- The problem
Where does the word "rent" appear in the data? Copy every line that holds it.

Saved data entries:
= = = = = = =

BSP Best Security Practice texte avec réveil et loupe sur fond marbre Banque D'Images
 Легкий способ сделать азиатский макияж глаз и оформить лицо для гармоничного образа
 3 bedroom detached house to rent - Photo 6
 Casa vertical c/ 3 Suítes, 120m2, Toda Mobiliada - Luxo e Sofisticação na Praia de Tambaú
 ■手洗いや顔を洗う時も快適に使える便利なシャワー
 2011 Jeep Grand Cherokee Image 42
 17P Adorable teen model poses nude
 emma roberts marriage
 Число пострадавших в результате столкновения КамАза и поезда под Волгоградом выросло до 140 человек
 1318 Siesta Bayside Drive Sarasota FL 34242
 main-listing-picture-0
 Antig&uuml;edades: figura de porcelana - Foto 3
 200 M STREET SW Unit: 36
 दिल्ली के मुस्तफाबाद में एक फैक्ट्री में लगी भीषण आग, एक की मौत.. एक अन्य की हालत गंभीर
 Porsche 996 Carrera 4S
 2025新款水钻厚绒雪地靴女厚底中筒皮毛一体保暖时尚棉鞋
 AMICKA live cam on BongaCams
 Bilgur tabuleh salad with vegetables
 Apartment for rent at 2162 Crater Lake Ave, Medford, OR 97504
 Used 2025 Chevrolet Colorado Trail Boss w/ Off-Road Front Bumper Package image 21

= = = = = = =

- Task response
 3 bedroom detached house to rent - Photo 6
 Apartment for rent at 2162 Crater Lake Ave, Medford, OR 97504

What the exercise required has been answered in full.